For other startups looking to follow a similar path as that of Kingpin, Sajnani doesn’t claim to have a formula—but he does share what has genuinely made a difference for his enterprise. “We’re still learning every day; so, rather than offer advice, we share two principles that have shaped how we build Kingpin,” Sajnani says. “First: stay closer to the customer than feel comfortable. B2B commerce is inherently messy; full of legacy workflows, edge cases, and incentives that don’t always align. The end user and the organization buying the product don’t always share the same goals, and real infrastructure only works when you’re embedded in the actual workflows, not the theoretical ones.” 

“Second: don’t solve one link in the chain, solve the chain,” Sajnani continues. “In this space, value gets lost when prospecting, outreach, and order execution live in separate systems.
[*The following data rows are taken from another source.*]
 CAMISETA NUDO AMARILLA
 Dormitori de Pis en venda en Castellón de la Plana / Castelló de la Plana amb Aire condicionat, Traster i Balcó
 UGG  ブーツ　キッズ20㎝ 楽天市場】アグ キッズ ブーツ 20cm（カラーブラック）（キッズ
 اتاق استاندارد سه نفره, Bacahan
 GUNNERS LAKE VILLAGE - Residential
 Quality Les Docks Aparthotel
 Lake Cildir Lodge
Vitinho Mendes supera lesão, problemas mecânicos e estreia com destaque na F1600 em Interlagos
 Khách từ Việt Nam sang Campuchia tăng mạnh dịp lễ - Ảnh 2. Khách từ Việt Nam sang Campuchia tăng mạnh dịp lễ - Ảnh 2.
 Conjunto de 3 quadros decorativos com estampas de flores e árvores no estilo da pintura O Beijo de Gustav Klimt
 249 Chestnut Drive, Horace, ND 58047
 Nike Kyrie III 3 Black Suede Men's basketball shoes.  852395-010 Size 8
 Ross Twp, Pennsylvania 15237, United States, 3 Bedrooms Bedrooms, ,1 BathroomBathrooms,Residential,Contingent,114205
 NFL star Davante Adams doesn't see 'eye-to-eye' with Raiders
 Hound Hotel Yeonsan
The opportunity in the AI era is to unify those motions into one connected engine that moves people, products, and revenue in the same direction. That’s why we’re building Kingpin: not to modernize one step of the process, but to give brands, distributors, and retailers a true entry point into the AI era through a single, end-to-end system.” 

Pictured in the lead image are Kingpin's co-founders Harsh Sajnani (L) and Guilherme Soares (R). Image courtesy Kingpin.